» Task goal: From start to end, write out the following data exactly, apart from its images.

========================================

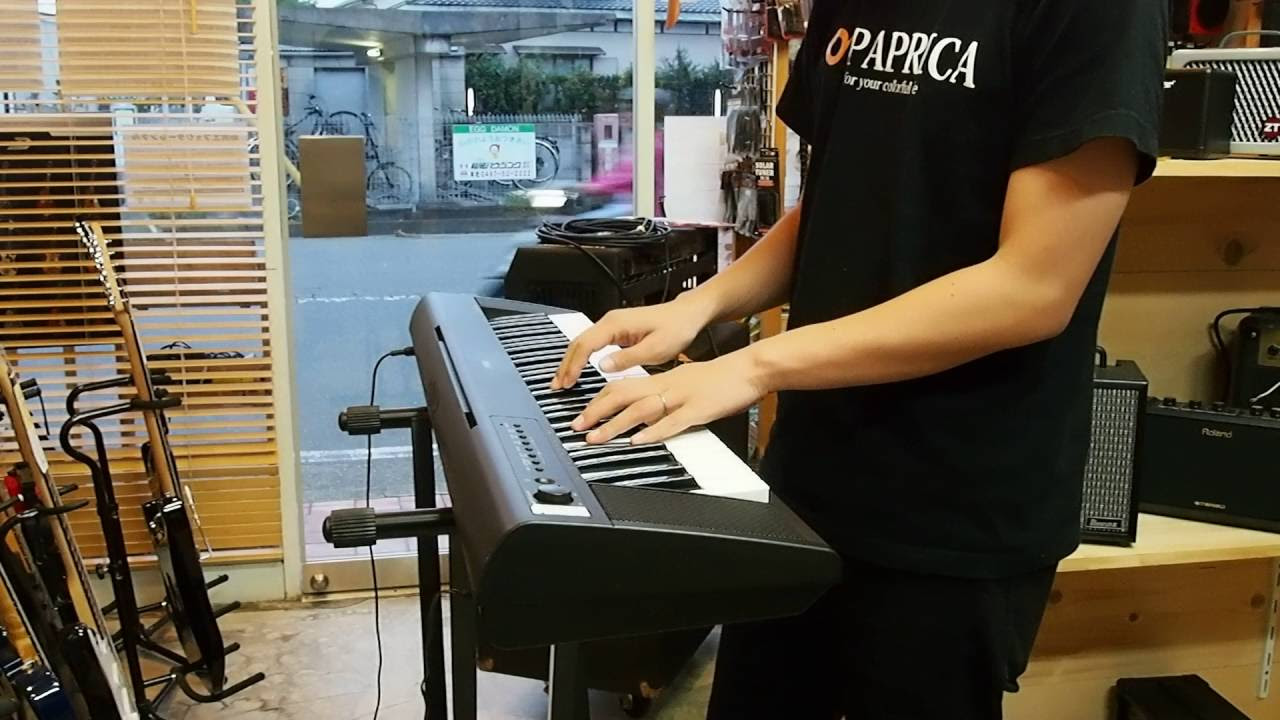 YAMAHA piaggero NP-11 試奏 - YouTube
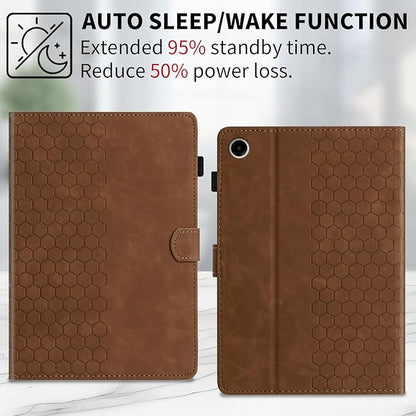 Case for Samsung Galaxy Tab A9 Plus/A9+ 5G 11 Inch 2023 Model (SM-X210/X216/X218), Multi-Angle Viewing Smart Stand with Pocket Auto Wake/Sleep PU Leather Tablet Cases Flip Folio Cover Brown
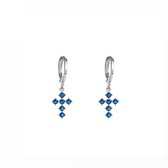 Go Dutch Label Oorhangers Kruis Blue E1062-5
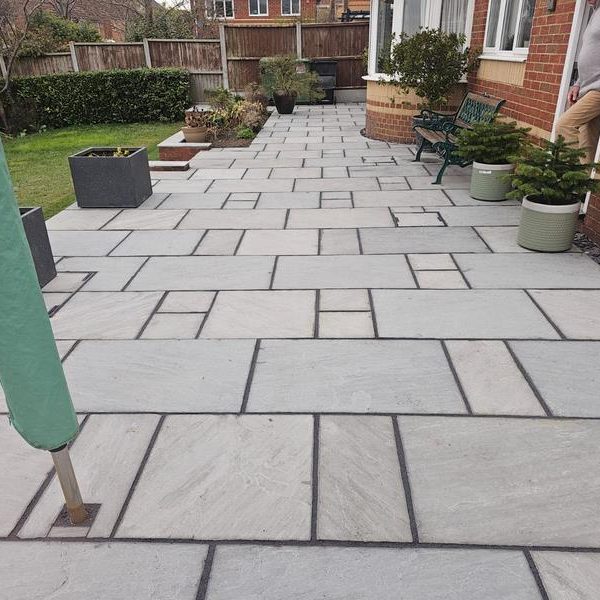 kandahar grey sandstone patio wickford 7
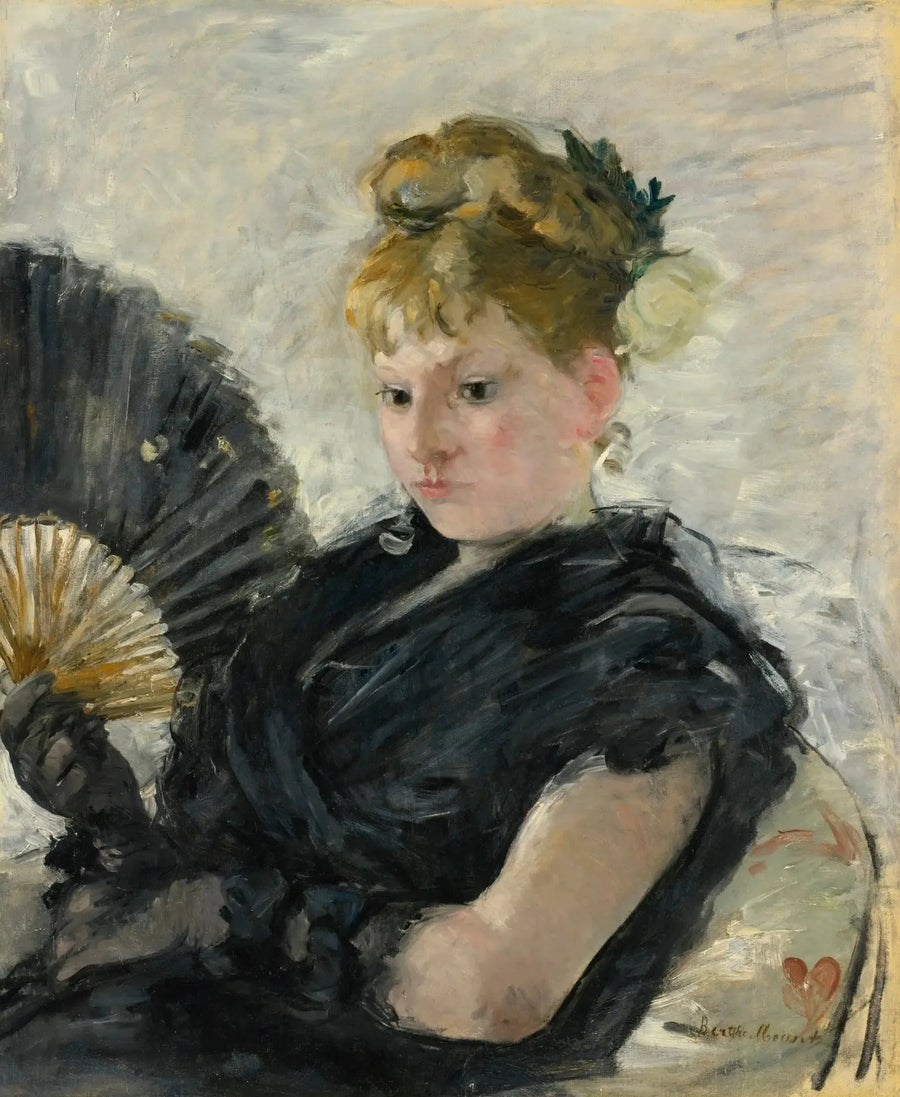 Kvinna med fläkt - Berthe Morisot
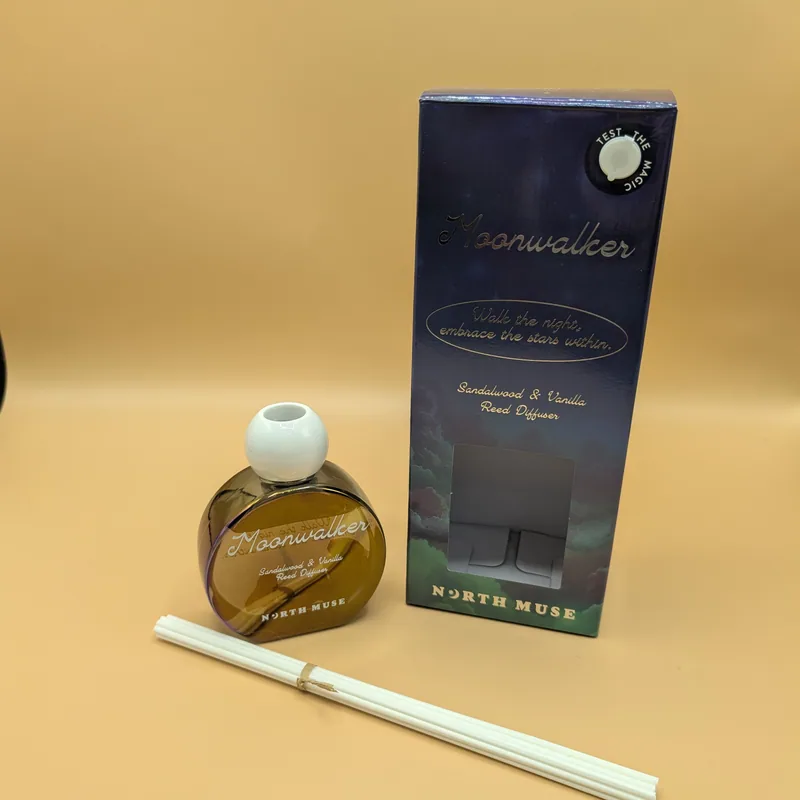 North Muse Moonwalker Sandalwood & Vanilla Reed Diffuser — North Muse
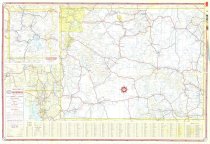 1957 Wyoming Highway Map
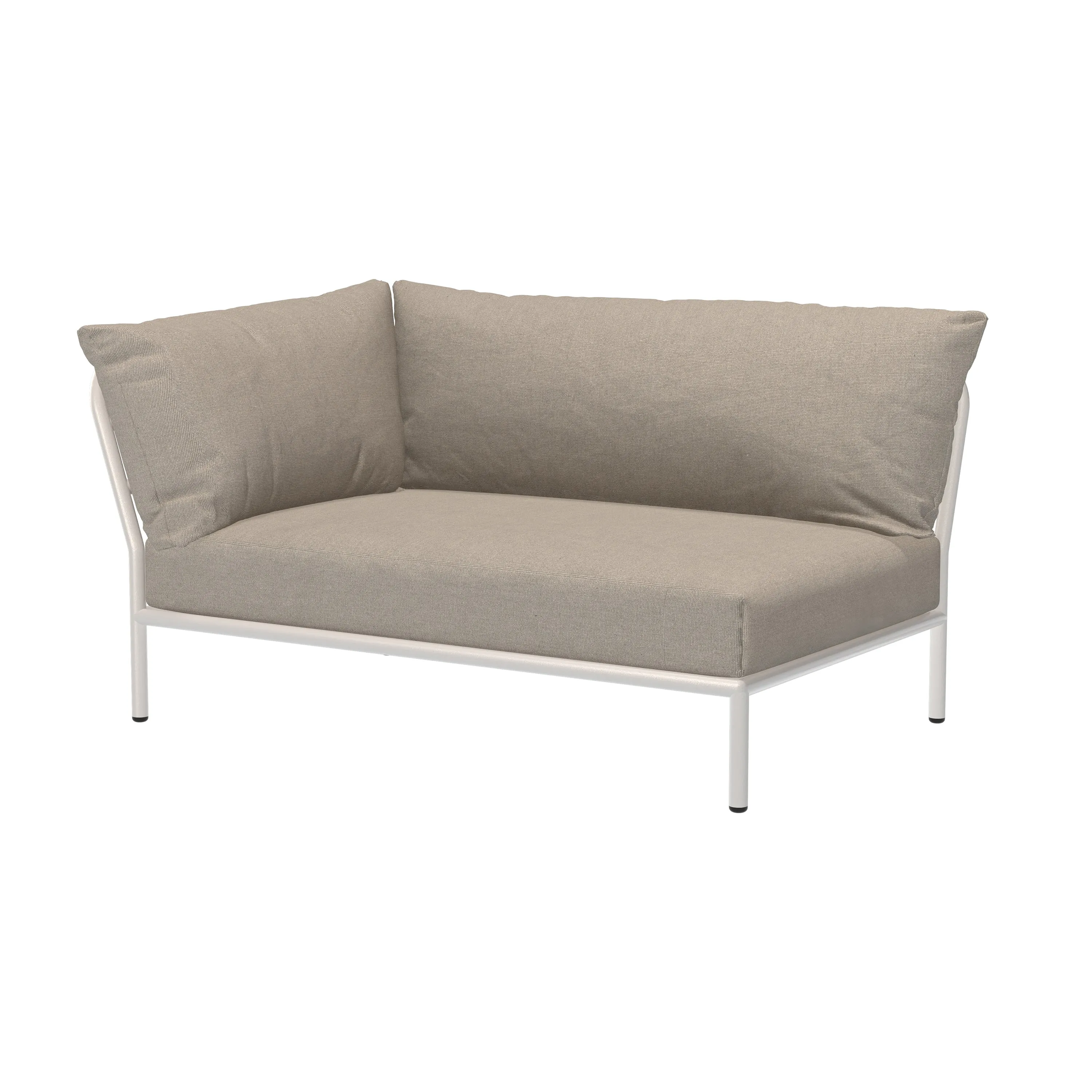 Level 2 Outdoor 3 Piece Sectional with Side/Coffee Table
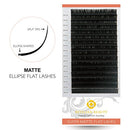BEYELIAN Mink Ellipse Flat Eyelash Extensions MATTE Black Individual Semipermanent Lash Building Extensions C Curl 0.20mm 8mm BEYELIAN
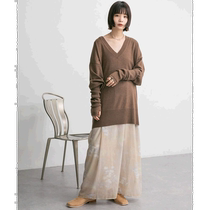 Japan direct mail KBF womens printed suspender dress light and elegant adjustable shoulder straps spring and summer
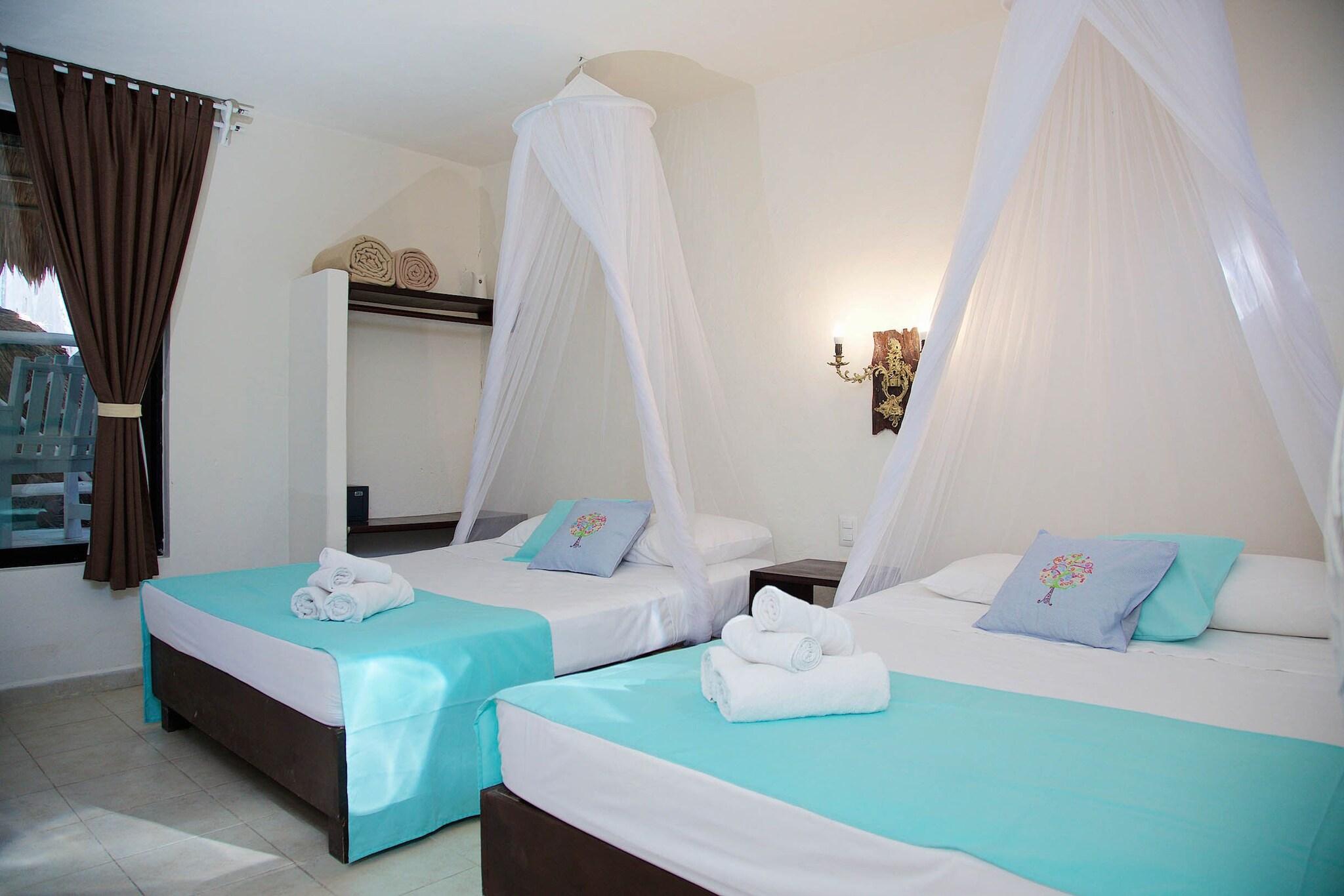 Double Two Queen Beds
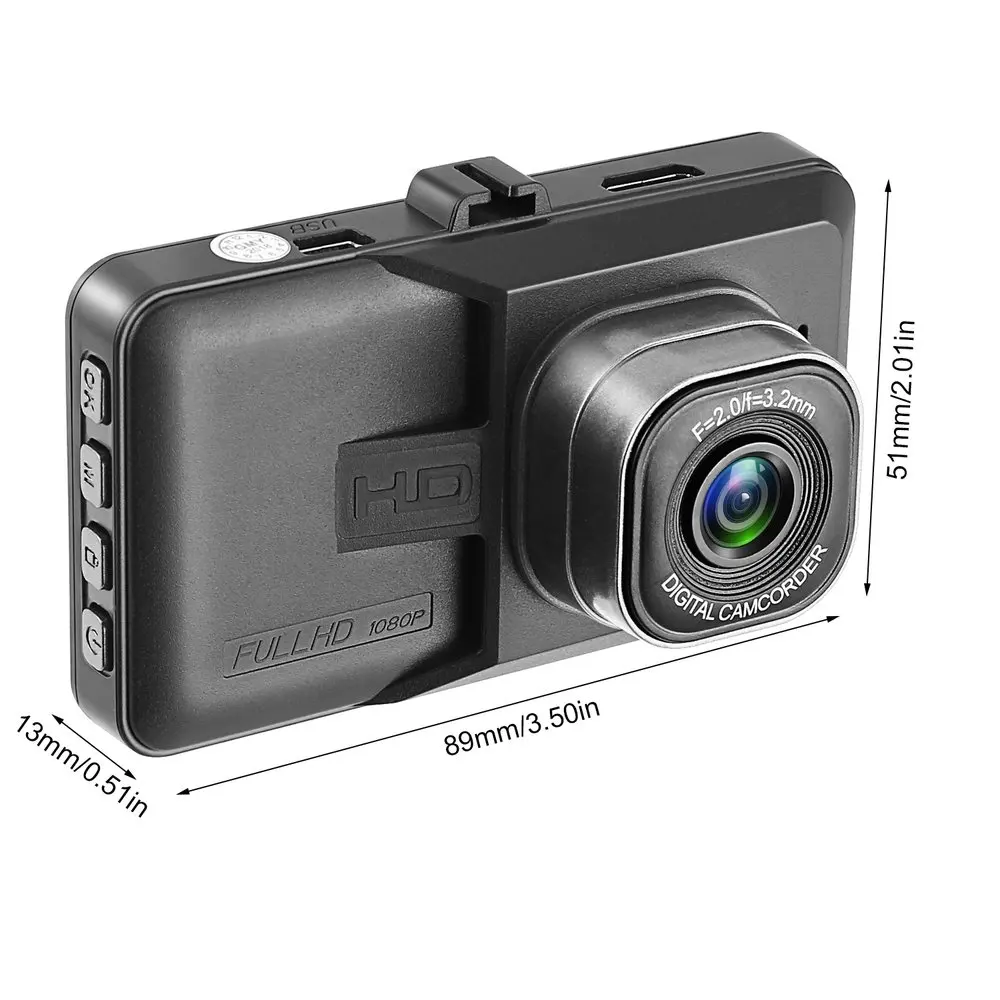 3 Inch DVR 120 Degree Wide Angle Dash Cam Dual Lens 1080P Car Digital Video Recorder With Night Vision Function
3 Inch DVR 120 Degree Wide Angle Dash Cam Dual Lens 1080P Car Digital Video Recorder With Night Vision Function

========================================

» Expected answer:
 YAMAHA piaggero NP-11 試奏 - YouTube
 Case for Samsung Galaxy Tab A9 Plus/A9+ 5G 11 Inch 2023 Model (SM-X210/X216/X218), Multi-Angle Viewing Smart Stand with Pocket Auto Wake/Sleep PU Leather Tablet Cases Flip Folio Cover Brown
 Go Dutch Label Oorhangers Kruis Blue E1062-5
 kandahar grey sandstone patio wickford 7
 Kvinna med fläkt - Berthe Morisot
 North Muse Moonwalker Sandalwood & Vanilla Reed Diffuser — North Muse
 1957 Wyoming Highway Map
 Level 2 Outdoor 3 Piece Sectional with Side/Coffee Table
BEYELIAN Mink Ellipse Flat Eyelash Extensions MATTE Black Individual Semipermanent Lash Building Extensions C Curl 0.20mm 8mm BEYELIAN
 Japan direct mail KBF womens printed suspender dress light and elegant adjustable shoulder straps spring and summer
 Double Two Queen Beds
 3 Inch DVR 120 Degree Wide Angle Dash Cam Dual Lens 1080P Car Digital Video Recorder With Night Vision Function
3 Inch DVR 120 Degree Wide Angle Dash Cam Dual Lens 1080P Car Digital Video Recorder With Night Vision Function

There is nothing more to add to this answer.